* Problem to solve: For the listing below, give the count of lines containing the string "shown" and nothing else.

* Source data:
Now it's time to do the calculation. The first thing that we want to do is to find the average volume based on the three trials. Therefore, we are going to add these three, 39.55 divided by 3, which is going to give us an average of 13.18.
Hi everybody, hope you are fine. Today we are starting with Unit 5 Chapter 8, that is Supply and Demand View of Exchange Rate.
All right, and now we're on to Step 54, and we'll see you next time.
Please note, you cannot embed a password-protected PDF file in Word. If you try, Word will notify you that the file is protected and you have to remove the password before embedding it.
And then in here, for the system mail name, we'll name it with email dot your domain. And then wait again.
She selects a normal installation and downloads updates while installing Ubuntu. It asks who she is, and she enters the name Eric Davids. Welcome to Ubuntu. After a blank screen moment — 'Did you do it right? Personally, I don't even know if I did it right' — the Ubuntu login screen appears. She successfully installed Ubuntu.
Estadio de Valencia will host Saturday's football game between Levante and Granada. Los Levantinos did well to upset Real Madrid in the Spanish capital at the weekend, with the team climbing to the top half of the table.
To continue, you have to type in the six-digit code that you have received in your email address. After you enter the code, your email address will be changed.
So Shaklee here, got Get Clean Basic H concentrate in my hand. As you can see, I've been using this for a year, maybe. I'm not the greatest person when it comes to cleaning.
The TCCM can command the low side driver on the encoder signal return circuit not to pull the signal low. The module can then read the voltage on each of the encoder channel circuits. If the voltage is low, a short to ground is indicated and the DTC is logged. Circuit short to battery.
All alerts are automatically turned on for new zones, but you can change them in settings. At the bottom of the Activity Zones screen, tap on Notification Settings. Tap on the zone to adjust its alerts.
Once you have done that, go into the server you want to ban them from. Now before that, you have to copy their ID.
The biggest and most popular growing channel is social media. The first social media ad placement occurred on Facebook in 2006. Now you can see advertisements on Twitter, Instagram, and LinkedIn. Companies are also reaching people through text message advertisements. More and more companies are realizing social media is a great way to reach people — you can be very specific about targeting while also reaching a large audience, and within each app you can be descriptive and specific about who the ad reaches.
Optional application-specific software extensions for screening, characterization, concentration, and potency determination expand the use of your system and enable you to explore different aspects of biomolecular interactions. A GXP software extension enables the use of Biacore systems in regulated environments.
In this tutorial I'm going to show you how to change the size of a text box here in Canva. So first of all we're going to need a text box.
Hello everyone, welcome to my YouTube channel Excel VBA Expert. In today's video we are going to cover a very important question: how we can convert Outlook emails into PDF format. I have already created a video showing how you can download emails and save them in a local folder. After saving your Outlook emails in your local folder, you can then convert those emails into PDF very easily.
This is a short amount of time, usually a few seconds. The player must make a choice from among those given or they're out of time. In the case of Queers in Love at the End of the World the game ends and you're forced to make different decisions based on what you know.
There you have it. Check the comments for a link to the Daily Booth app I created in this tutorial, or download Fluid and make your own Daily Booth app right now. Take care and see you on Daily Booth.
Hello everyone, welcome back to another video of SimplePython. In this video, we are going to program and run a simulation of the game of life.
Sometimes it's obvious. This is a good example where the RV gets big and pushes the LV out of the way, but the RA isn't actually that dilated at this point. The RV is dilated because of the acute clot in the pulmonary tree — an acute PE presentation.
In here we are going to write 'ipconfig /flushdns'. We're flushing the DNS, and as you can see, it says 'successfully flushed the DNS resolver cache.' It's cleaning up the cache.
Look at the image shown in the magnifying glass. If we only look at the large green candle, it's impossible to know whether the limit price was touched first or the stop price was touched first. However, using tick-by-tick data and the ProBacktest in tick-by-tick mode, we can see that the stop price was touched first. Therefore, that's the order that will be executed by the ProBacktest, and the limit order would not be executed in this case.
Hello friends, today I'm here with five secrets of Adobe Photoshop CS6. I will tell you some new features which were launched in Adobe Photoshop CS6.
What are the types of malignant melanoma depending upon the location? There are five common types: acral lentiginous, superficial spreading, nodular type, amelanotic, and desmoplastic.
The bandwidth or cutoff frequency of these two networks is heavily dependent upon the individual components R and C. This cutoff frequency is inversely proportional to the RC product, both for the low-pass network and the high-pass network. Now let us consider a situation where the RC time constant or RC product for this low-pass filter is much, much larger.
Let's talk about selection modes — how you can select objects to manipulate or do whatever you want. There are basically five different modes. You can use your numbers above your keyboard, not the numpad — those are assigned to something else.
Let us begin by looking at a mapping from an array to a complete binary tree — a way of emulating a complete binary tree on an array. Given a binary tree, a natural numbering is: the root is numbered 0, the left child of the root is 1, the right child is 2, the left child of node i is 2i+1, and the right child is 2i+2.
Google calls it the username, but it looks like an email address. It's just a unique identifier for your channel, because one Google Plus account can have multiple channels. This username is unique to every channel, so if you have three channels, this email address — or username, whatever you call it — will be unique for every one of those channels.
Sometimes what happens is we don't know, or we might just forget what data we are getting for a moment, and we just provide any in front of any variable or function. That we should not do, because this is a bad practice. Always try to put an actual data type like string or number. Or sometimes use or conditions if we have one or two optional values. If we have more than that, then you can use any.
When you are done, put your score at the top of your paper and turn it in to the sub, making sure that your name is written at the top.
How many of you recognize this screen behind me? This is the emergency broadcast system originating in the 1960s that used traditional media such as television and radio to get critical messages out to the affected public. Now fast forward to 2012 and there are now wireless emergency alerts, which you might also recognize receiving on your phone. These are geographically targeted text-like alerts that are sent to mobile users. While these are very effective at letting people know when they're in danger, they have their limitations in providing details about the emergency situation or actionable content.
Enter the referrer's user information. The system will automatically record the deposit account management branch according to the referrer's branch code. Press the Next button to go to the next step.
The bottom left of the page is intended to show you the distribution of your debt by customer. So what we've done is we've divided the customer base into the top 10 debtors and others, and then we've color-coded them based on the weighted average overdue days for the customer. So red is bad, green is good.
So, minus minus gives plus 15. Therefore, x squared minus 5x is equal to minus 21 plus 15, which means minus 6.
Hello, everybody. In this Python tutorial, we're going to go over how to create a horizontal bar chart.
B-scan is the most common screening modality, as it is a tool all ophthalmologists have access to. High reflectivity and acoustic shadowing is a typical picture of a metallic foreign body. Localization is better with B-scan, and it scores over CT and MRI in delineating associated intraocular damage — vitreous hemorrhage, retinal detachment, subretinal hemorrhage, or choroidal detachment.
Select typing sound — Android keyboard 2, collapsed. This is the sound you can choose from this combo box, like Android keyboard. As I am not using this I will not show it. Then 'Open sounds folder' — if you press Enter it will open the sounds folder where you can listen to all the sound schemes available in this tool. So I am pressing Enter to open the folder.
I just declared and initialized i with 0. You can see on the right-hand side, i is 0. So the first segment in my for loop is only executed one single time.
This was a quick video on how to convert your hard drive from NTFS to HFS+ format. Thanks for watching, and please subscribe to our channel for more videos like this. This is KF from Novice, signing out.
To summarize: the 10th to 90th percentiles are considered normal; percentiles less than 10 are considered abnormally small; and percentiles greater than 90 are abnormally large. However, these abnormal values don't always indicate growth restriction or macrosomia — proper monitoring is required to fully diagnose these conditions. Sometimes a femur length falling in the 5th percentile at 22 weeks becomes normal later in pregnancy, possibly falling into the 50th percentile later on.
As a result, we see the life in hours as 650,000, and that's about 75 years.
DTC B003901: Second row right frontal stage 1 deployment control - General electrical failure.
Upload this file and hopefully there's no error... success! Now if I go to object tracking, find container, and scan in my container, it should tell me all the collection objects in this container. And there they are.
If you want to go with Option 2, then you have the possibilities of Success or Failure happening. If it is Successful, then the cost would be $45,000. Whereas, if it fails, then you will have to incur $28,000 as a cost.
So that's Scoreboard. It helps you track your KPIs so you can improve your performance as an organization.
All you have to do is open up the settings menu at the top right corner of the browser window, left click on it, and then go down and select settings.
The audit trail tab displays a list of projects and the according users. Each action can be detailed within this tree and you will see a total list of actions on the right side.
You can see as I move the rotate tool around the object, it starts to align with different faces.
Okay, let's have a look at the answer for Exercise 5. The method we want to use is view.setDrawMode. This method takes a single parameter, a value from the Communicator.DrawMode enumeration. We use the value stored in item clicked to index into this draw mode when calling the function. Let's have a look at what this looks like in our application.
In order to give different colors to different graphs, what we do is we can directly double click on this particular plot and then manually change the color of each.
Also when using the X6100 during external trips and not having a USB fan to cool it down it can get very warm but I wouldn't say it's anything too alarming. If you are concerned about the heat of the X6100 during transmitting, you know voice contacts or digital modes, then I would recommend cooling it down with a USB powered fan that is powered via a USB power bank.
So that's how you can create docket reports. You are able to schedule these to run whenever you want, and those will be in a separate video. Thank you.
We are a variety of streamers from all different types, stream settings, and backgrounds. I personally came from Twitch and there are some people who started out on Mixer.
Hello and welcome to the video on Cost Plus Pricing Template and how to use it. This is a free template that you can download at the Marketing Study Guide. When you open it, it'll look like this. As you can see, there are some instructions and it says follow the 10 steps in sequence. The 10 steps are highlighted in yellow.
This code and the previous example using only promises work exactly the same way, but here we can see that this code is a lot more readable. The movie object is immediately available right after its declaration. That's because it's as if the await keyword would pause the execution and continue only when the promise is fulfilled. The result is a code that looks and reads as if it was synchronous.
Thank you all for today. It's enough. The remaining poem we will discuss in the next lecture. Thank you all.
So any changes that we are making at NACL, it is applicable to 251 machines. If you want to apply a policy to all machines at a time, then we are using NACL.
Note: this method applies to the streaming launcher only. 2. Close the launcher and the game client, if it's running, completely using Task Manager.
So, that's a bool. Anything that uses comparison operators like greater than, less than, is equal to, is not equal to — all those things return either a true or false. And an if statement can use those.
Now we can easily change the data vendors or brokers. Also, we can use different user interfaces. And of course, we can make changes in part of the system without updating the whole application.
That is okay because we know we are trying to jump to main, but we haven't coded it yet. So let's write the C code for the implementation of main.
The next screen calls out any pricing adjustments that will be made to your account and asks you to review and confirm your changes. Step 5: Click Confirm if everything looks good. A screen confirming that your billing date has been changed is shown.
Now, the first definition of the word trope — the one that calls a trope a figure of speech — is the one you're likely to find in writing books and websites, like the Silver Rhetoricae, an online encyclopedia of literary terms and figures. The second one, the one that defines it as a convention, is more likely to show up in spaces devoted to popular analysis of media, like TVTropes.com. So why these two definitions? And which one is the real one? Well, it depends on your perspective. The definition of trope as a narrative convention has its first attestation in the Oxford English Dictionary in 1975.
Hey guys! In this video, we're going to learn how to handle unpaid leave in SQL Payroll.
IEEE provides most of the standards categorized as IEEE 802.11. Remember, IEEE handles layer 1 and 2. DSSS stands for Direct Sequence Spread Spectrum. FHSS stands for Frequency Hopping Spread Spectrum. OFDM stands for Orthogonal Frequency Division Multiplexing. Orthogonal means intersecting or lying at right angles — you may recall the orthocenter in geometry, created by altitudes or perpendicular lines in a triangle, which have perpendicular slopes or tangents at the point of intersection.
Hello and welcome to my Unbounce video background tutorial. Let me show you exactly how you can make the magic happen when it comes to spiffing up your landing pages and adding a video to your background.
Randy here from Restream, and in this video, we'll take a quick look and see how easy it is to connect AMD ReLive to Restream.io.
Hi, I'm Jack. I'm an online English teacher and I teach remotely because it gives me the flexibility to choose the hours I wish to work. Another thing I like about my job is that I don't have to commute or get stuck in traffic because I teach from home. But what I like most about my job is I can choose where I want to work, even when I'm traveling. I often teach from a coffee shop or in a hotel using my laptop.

* Answer section: 2